Centro de Documentación de Canarias y América
Publicado el 29/04/2020

Artículo de divulgación: «Mándame más postales», por María José Vera González

Una de las definiciones más precisas de la tarjeta postal “un impreso sobre soporte semirígido destinado a un uso postal, para una correspondencia breve al descubierto”, se la debemos al cartófilo francés Albert Thinlot. A pesar de que hoy en día las tarjetas postales son consideradas como objetos de coleccionismo, lo cierto es que simbolizaron el desarrollo de toda una época al constituir al mismo tiempo un medio de comunicación tanto escrito como visual que permitió el acercamiento interpersonal y emocional de la sociedad de la segunda mitad del siglo XIX y a lo largo del XX.
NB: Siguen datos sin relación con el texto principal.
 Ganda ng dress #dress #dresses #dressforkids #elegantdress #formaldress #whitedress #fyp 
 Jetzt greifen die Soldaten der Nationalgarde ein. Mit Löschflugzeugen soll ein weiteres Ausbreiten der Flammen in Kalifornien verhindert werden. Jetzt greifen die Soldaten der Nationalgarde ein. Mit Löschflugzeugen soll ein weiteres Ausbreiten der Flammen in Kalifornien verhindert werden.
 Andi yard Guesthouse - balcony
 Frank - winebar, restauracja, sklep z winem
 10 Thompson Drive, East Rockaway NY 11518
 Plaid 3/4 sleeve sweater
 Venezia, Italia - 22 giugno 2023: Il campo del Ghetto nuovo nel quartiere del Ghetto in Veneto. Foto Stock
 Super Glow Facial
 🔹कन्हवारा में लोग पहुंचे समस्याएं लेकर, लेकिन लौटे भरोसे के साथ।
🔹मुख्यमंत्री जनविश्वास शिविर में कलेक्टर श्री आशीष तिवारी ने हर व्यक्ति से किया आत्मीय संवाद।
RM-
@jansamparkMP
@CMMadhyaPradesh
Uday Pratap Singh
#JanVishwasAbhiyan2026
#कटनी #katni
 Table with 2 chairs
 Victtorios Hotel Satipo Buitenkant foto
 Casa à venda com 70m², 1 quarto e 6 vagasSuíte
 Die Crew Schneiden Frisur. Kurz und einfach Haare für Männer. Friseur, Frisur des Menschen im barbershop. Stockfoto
Las primeras tarjetas postales, editadas por las administraciones de correos, eran postales oficiales que tenían el franqueo en una de sus caras, dejando en blanco la otra cara para destinarla a la escritura del mensaje. Tuvieron gran aceptación social ya que se presentaron como un medio que reducía el precio de los envíos postales. No sería hasta finales del siglo XIX cuando aparecieron las tarjetas postales ilustradas, que fueron impresas y editadas por el sector privado. Desde este momento, estas cartulinas se han colado en los archivos y en los centros de documentación como documentos históricos testigos de un pasado y de una historia. Se trata de objetos culturales que testimonian el desarrollo de una época presentando muchos de los aspectos de la vida cotidiana.

Entre los documentos digitales del Cedocam podemos encontrar una colección de tarjetas postales de principios del siglo XX con ilustraciones de Canarias y América donadas por coleccionistas particulares en formato digital. También el Centro cuenta con una selección de postales físicas que pertenecen al Fondo Estévanez. Las postales, junto con los folletos turísticos, conforman una destacada colección del Centro. En estos documentos gráficos se representan vistas de ciudades, pueblos y paisajes de Canarias y de lugares de América, así como el patrimonio histórico-monumental, las tradiciones populares, la indumentaria, los deportes... que son de gran interés para la investigación por presentar la transformación social, urbana y paisajística experimentada por las Islas en los últimos años.

Aunque nos puedan parecer objetos de otro tiempo, la realidad es que muchos de nosotros hemos comprado o enviado una postal alguna vez a amigos o seres queridos cuando hemos estado de vacaciones o simplemente la hemos adquirido por la nostalgia de lo que representa o por contener una bella ilustración. Así que la próxima vez, cuando todo esto pase y podamos salir o irnos de vacaciones, no te olvides de mandarme más postales.

 

María José Vera González, Subdirectora del Cedocam

 Bibliografía

 -GUEREÑA, J.L. (2005). “Imagen y memoria. La tarjeta postal a finales del siglo XIX y principios del siglo XX”, Berceo, 149, 35-58.

 -López Hurtado, Mariana. La tarjeta postal como documento. Estudio de usuarios y propuesta de un modelo analítico: aplicación a la colección de postales del Ateneo de Madrid. Tesis doctoral dirigida por Juan Miguel Sánchez Vigil (dir. tes.) Árbol académico. Universidad Complutense de Madrid (2013).